Myth: Grow Your Own And Save Yourself Money

grow your own and save money image courtesy

[image courtesy]

I have heard too many green companies people for far too much of the what can only now be described as the grow your own pandemic use the cliché:

Grow Your Own and Save Yourself Money

The question is, does it ? Does growing your own vegetables actually save you money ?

superquinn vegetables

A quick glance between Superquinn’s prices [correct as of 05/01/12] and what potato seed and onion sets [2011 prices] cost make me wish to mildly scratch my head, a lot.

I and you can figure the maths out on an abacus.

seed potato onion sets

note: All prices from supermarket websites were taken January 5th 2012 and show their normal prices before and after discount. To the potatoes alone, I know I was able to buy 10kg for €2.49 in Dunnes Stores up until recent.

lidl carrots b and q grow your own kit

I had noted the B and Q grow your own kits way back in 2009. But it seem how we grow our own has evolved so much more, or at the very least the range of products available to you to do so has.

[image courtesy]

If we trail all the way back to 1917, the cliché may make a little more sense.
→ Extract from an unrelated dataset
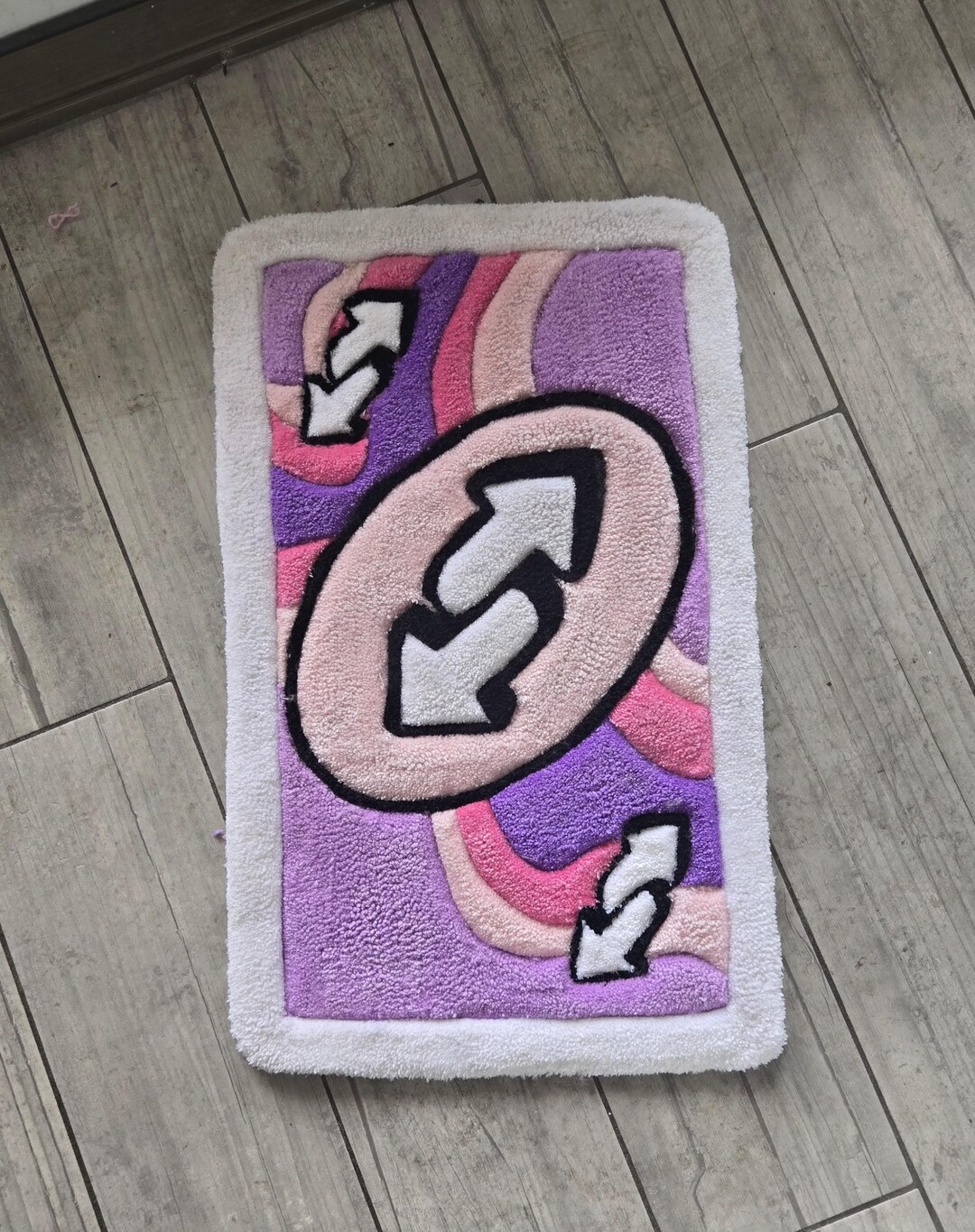Custom Tufted Uno Reverse Rug - Etsy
Here it’s slightly more honest in todays relevance and notes ‘to cut food costs’. That however was a time long before compost at €4-7 per bag ever existed.

I spoke before about the gentleman I witnessed in the hardware superstore buying organic compost with miraculous powers [4 bags @ 6 euro each] one pot [15 euro] and non-organic seed potatoes [6 euro]. Throw in some raised vegetable beds instead if you should like – and you possibly have the most expensive spuds per kg in the country.

Back to the original question. Can growing your own save you money ? Personally, I believe it depends on how you [in this case] grow your own.

potato planting by hand

There is a bigger picture in all of this. And if like camping in 1980’s Ireland and Britain and its recent revival, the trend is to continue I believe the PR firms need to go back to the drawing board and come up with a new slogan.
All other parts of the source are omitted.